By: Elise Goldin
This piece originally appeared at PursueAction.org here.
As someone who is both involved with theater and in the middle of my year as an AVODAH Corps member in Brooklyn, Pursue’s event hosting the Theatre of the Oppressed workshop was a perfect combination. Theatre of the Oppressed combines a mix of improv games that focus on creatively rethinking our assumptions and social structures. The workshop’s dynamic facilitator led a series of games and activities that forced the group of 20- and 30-somethings to act silly and be creative in a way that is often hard to achieve in young adults.
While we did several theater exercises and games, one in particular stood out for me. We were each asked to bring five pieces of “clean garbage” from home, and when we entered the workshop room in downtown Brooklyn, we placed our items on two long tables.

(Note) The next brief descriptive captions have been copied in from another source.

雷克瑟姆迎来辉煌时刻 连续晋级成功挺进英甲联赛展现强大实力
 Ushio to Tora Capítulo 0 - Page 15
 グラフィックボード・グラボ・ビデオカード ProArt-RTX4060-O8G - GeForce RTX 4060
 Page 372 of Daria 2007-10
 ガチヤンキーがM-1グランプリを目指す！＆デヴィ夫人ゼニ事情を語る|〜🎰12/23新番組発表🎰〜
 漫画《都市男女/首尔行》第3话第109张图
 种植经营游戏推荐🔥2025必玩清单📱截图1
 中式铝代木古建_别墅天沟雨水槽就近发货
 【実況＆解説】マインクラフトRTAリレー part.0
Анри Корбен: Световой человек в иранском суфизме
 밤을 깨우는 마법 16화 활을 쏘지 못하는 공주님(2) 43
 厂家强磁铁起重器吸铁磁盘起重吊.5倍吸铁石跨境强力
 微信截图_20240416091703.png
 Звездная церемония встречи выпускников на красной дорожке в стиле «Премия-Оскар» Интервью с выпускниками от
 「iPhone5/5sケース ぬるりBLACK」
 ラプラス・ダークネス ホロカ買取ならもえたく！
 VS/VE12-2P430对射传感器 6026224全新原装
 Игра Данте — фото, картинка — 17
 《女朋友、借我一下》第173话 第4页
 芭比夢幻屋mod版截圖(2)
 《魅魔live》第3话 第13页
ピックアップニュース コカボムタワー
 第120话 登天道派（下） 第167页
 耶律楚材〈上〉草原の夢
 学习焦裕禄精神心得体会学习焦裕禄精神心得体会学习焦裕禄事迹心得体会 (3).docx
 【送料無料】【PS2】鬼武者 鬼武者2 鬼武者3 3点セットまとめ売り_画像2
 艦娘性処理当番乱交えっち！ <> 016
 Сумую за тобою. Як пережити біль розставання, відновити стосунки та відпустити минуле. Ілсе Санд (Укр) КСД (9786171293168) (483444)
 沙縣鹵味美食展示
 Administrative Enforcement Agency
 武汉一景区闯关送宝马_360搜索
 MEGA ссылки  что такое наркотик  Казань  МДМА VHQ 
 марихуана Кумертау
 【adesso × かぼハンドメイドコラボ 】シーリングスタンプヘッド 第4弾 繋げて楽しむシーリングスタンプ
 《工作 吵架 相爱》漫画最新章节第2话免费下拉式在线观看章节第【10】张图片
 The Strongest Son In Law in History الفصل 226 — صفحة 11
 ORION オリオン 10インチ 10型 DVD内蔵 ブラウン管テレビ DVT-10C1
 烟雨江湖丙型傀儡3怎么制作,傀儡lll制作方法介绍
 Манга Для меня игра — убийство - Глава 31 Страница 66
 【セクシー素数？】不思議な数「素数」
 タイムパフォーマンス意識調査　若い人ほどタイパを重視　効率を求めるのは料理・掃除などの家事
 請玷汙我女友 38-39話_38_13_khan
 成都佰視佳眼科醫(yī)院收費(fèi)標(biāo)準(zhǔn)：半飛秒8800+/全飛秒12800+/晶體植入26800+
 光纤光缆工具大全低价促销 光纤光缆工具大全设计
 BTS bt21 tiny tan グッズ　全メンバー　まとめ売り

There was anything from sketches to tea bags to plastic wrappers to empty liquor bottles on the table. When it came time, we were split into two groups and asked to make a person out of the pieces of “clean garbage.” We sat in a circle on the floor and each placed a piece of garbage down, hoping that the end result would resemble some sort of body. Throughout the process, I noticed myself feeling tense, getting angry when people were placing pieces in a spot I arbitrarily didn’t agree with. “Fine,” I resolved, “do what you like.” As we reflected on the experience later, I realized that I wanted to control the situation and was not comfortable with letting the group come to a shape on its own.
What we created was something more beautiful and interesting than I certainly would have come up with on my own. We discussed where did this person come from, what its gender was, how old the person was. We named it a “trans pregnant man” who had a sparkle trail/leash with an animal/tail/extended leg. It was loony and silly, but we also discussed our issues with making quick judgments and assumptions, and what it’s like to read a body without having any real knowledge of the person.
Thinking about this exercise in the context of my year in AVODAH and involvement with Pursue around Jewish social justice, calling out my assumptions about people is a really useful tool. While living in my house with 17 other Jewish people (16 of whom are women), it is easy to pre-judge people and imagine I know how each one will respond. Taking the time to actively rethink our assumptions and play with ways responses to those assumptions helped me to reimagine the ways that I interact with my housemates, my co-workers, and tenants I organize with in the Bronx.
Elise Goldin is from Evaston, IL and attended Macalester College. She is a Tenant Organizer at the Urban Homesteading Assistance Board, which supports self-help housing and community building in low-income neighborhoods by training, organizing, developing, and assisting resident-controlled limited-equity housing co-operatives.